• _Exercise objective_
For every line in the data below that contains "años", copy the line.
=== Begin Enclosure ===
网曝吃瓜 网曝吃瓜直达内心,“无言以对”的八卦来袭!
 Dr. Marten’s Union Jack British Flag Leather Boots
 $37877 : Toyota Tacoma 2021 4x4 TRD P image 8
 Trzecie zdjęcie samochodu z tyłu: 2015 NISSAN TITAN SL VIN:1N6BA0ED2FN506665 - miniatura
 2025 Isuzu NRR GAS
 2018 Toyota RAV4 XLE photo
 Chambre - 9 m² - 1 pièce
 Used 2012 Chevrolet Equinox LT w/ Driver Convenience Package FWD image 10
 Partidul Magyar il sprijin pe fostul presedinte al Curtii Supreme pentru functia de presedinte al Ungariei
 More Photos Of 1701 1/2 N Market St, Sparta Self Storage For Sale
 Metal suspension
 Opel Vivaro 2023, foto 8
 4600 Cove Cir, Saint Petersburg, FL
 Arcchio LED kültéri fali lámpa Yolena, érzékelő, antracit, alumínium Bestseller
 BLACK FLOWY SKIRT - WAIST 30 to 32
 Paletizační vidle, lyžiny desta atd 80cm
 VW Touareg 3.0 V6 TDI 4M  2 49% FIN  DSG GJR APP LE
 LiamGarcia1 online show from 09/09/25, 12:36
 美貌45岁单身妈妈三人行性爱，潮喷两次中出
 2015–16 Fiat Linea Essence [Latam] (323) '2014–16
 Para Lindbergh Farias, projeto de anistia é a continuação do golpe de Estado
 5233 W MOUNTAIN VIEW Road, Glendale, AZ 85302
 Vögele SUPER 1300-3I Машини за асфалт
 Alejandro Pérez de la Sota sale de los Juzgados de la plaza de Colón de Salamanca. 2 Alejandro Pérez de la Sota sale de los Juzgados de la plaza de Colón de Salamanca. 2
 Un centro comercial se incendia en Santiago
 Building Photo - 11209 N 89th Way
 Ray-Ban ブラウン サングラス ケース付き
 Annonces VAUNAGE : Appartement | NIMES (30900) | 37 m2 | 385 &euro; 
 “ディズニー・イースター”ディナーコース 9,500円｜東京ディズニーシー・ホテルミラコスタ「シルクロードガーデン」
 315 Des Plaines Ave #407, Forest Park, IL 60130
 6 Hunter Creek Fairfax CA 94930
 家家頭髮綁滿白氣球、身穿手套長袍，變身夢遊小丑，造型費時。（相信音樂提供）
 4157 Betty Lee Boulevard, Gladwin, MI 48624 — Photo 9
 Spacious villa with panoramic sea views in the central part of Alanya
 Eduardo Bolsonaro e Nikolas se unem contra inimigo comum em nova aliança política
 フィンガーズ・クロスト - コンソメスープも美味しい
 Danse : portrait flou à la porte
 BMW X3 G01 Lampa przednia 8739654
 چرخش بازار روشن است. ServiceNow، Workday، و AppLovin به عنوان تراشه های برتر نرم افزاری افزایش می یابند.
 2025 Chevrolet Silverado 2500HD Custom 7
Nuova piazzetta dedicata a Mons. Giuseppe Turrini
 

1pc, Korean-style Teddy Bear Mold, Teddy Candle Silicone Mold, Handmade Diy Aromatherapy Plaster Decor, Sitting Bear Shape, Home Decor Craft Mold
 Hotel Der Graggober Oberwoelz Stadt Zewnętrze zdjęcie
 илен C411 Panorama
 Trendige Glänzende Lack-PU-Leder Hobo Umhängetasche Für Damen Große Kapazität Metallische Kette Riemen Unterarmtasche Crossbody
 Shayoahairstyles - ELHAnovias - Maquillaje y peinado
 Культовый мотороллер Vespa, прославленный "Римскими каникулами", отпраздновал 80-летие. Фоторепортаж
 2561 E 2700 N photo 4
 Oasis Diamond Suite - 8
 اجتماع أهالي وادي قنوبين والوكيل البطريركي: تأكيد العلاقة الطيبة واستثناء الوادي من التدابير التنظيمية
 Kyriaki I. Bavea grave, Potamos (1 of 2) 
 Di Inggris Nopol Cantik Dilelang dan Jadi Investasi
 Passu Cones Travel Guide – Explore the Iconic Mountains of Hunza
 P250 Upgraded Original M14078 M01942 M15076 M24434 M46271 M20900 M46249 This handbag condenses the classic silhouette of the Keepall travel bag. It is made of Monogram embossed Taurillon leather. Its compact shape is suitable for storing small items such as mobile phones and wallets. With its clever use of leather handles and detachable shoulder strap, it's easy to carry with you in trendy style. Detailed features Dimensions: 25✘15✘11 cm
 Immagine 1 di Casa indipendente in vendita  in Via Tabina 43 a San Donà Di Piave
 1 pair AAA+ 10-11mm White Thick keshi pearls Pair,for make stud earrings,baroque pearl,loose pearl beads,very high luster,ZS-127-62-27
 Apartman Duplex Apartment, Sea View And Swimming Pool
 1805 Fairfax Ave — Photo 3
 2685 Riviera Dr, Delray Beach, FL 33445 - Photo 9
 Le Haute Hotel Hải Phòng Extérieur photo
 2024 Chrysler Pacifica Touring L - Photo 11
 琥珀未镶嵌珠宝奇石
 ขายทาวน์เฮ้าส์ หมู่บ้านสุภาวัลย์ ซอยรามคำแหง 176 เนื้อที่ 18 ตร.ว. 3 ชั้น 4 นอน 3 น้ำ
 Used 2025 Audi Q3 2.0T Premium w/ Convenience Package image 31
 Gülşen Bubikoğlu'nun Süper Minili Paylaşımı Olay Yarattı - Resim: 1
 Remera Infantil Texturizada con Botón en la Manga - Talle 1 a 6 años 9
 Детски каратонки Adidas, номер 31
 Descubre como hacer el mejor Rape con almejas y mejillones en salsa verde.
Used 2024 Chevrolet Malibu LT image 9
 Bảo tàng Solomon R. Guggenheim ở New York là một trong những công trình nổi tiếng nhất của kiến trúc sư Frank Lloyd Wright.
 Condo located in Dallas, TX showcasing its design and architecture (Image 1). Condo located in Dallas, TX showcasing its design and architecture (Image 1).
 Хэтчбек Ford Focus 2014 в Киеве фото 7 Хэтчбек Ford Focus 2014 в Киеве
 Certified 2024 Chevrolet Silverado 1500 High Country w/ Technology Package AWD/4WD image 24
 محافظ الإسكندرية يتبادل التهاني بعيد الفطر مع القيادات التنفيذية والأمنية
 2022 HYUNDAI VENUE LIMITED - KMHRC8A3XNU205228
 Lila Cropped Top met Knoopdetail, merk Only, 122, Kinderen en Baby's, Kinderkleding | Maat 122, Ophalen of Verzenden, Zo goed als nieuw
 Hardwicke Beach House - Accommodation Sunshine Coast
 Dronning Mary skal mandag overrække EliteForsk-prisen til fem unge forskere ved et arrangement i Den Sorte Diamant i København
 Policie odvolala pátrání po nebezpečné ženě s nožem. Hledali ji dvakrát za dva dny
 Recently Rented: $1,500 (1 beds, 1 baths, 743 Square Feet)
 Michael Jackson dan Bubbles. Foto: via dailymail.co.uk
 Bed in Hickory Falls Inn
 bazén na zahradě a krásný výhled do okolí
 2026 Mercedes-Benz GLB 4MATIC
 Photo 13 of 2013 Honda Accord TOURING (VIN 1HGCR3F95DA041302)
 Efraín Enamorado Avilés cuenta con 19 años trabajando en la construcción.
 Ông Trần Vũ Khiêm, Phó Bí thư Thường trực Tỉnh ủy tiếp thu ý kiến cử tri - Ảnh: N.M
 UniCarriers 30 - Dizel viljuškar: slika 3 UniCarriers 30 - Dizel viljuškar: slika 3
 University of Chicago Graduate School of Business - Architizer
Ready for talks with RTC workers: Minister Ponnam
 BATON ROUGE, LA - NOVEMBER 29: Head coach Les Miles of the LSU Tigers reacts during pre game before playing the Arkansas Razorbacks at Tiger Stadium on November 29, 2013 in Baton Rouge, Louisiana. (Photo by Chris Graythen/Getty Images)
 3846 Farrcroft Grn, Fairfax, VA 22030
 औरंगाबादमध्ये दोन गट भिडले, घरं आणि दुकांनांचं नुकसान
=== End Enclosure ===
• _Reply_
 Remera Infantil Texturizada con Botón en la Manga - Talle 1 a 6 años 9
 Efraín Enamorado Avilés cuenta con 19 años trabajando en la construcción.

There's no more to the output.